I want to go up to them and say Stop,
don’t do it – she’s the wrong woman,
he’s the wrong man, you are going to do things
you cannot imagine you would ever do,
you are going to do bad things to children,
you are going to suffer in ways you never heard of,
you are going to die. I want to go
up to them there in the at May sunlight and say it,
her hungry pretty blank face turning to me,
her pitiful beautiful untouched body,
his arrogant handsome blind face turning to me,
his pitiful beautiful untouched body,
but I don’t do it. I want to live. I
take them up like male and female
paper dolls and bang then together
at the hips like chips of flint as if to
strike sparks from them, I say
Do what you are going to do, and I will tell about it.

Mustang Sally Pays Her Debt to Wilson Pickett

This is a poem that evoked different conversations in each of my writing classes.  I chose it for the third stanza where Mustang Sally speaks to Marta the poet.  What do you think? Who are the different voices in the poem?

Does the song evoke anything from your life per the artists:  Aretha Franklin, Sir Mack Rice, or Wilson Pickett?  What about appropriation?  Are you sensitive to it?  From which view?

Or just enjoy the poem, it’s wonderful. Don’t miss a word of it.

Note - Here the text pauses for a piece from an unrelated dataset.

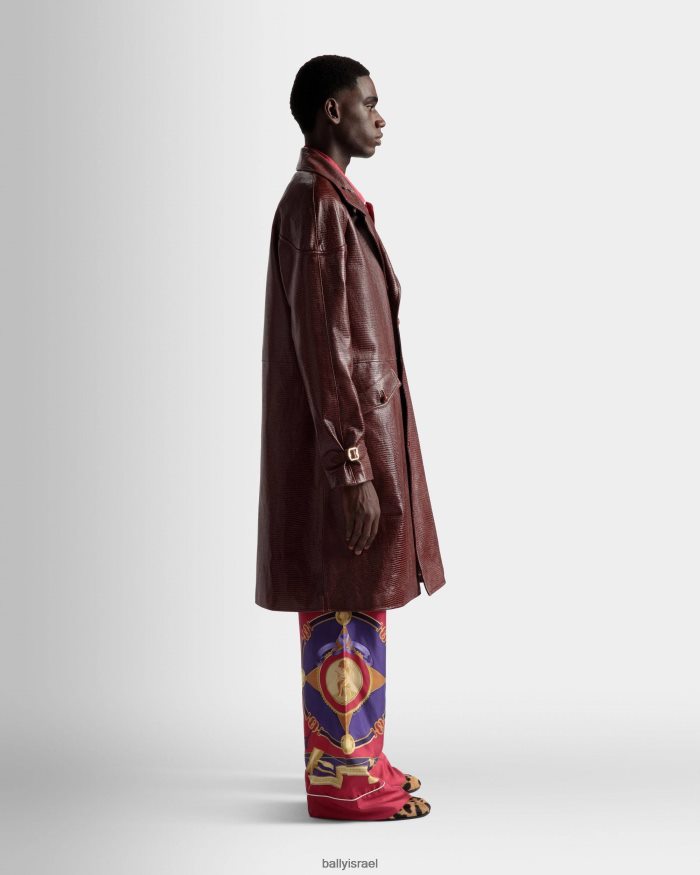 אָדוֹם Bally מעיל אפונה גברים הַלבָּשָׁה AS12D1059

Mustang Sally Pays Her Debt to Wilson Pickett                                           Marta Boswell

Aretha Franklin named me.

She heard Sir Mack Rice stir into

a Blue Rock records track he called

Mustang Mama until she told him

Sally sounded better when he wailed.


Mom says the winter I was born,

well, before that, I kicked

every time it hit the radio.

Says that’s how she knew my name.

Not that the birth certificate says

Mustang, but all the same, that’s me.


Yeah, I know. Little white girl

With a name like mine, somebody’s

gonna bitch about appropriation,

that hitch, one bunch of us

snitching something from another,

busting it to fit an awkward hole

in what we’ve got. That’s anyway,

what Marta thought last time we talked.


What I’m thinking’s mostly

that I ought to say thank you

and give credit where it’s due.

Sir Mack Rice? Pickett’s mentor.

Recorded it in sixty-four.


See, even Wilson got it secondhand

from somebody who knew better.


Imagine sitting with a group of women and talking about numbers!  Many of us do not like them.  They have a language of their own that can be loved, feared, hated, etc.   I handle numbers in a plodding manner, checking and rechecking for accuracy.  My husband on the other hand is always calculating – he can do amazing things with numbers, not needing paper or calculator.  I constantly have to ask him not to quantify things for me!  (When exactly  I’ll arrive when driving long distance, how much taxes we owe way before April, how many years we’ve been married, etc.)  Not that he can stop, it is how he applies meaning to life.  I like how Mary Cornish humanizes them, creating delightful images.

Numbers                                                                    Mary Cornish

I like the generosity of numbers.

The way, for example,

they are willing to count

anything or anyone:

two pickles, one door to the room,

eight dancers dressed as swans.


I like the domesticity of addition–

add two cups of milk and stir–

the sense of plenty: six plums

on the ground, three more

falling from the tree.


And multiplication’s school

of fish times fish,

whose silver bodies breed

beneath the shadow

of a boat.


Even subtraction is never loss,

just addition somewhere else:

five sparrows take away two,

the two in someone else’s

garden now.


There’s an amplitude to long division,

as it opens Chinese take-out

box by paper box,

inside every folded cookie

a new fortune.


And I never fail to be surprised

by the gift of an odd remainder,

footloose at the end:

forty-seven divided by eleven equals four,

with three remaining.


Three boys beyond their mothers’ call,

two Italians off to the sea,

one sock that isn’t anywhere you look.